Astronomers using the Atacama Large Millimeter/submillimeter Array (ALMA) have captured a high-resolution image of HL Tauri, a young star in the constellation of Taurus.
Rings of dust surrounding HL Tauri, with line patterns showing the orientation of polarized light. Image credit: NSF / AUI / NRAO / B. Saxton / Stephens et al.
HL Tauri lies in the direction of the constellation Taurus at a distance of 450 light-years.
Also known as EPIC 210690913, HH 150 or TIC 353752575, the star is thought to be less than 100,000 years old.
The protoplanetary disk around HL Tauri is unusually massive and bright, which makes it an excellent place to search for signs of forming planets.
“Planetary formation is a complex process that we still don’t fully understand,” said Worcester State University astronomer Ian Stephens and his colleagues.
“During this process, dust grains in the disk are growing in size as they collide and stick to each other, causing them to slowly grow to potentially become objects similar to those within our Solar System.”
“One of the ways to study dust grains in these complex structures is to look at the orientation of the light waves they emit, which is known as polarization.”

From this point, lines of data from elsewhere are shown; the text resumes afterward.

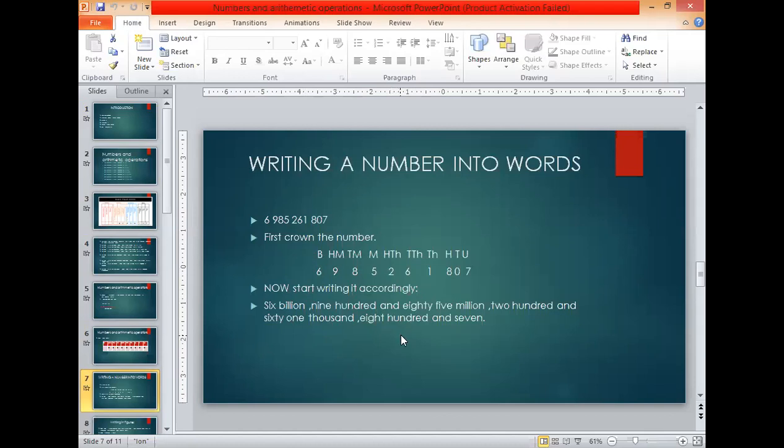Earlier we have been using commas for spacing — separating units, thousands, millions, and billions. But now in the international system we use a space instead of commas. The meaning of a space and a comma is the same.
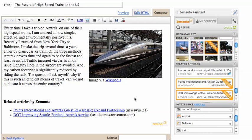Finally, I'll add an in-text link to the Amtrak homepage. It's a great reference for my readers.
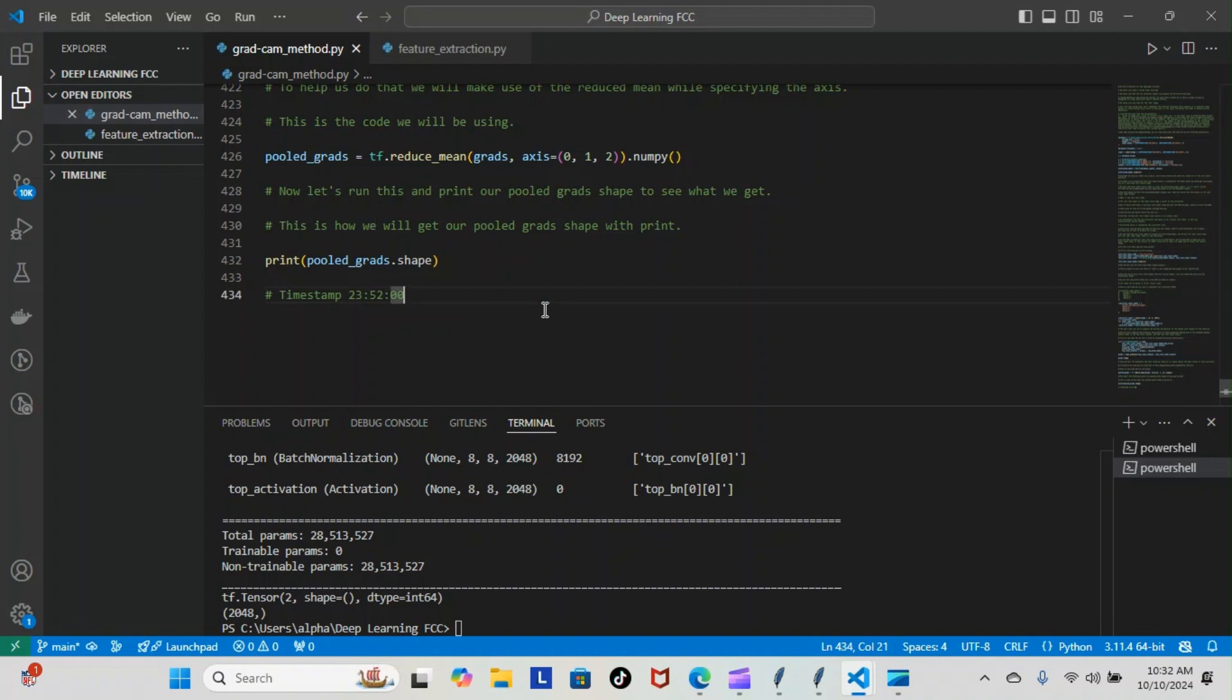So now we are able to move forward. We're back on track and we can start taking notes and writing code again inside of our grad cam method module. And of course, we will pick that back up tomorrow.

Earlier studies of HL Tauri have mapped this polarization, but Dr. Stephens and co-authors captured a polarization image of HL Tauri in unprecedented detail.
The resulting image is based on 10x more polarization measurements than of any other disk, and 100x more measurements than most disks.
It is by far the deepest polarization image of any disk captured thus far.
“The image was captured at a resolution of 5 astronomical units (AU), which is about the distance from the Sun to Jupiter,” the astronomers said.
“Previous polarization observations were at a much lower resolution and didn’t reveal the subtle patterns of polarization within the disk.”
“For example, we found the amount of polarized light to be greater on one side of the disk than the other, which is likely due to asymmetries in the distribution in the dust grains or their properties across the disk.”
“Dust grains aren’t often spherical. They can be oblate like a thick pancake, or prolate like a grain of rice.”
“When light is emitted by or scatters off these dust grains, it can become polarized, meaning that the waves of light are oriented in a particular direction rather than just randomly.”
“These new results suggest that grains behave more like prolate grains, and they put strong constraints on the shape and size of dust grains within the disk.”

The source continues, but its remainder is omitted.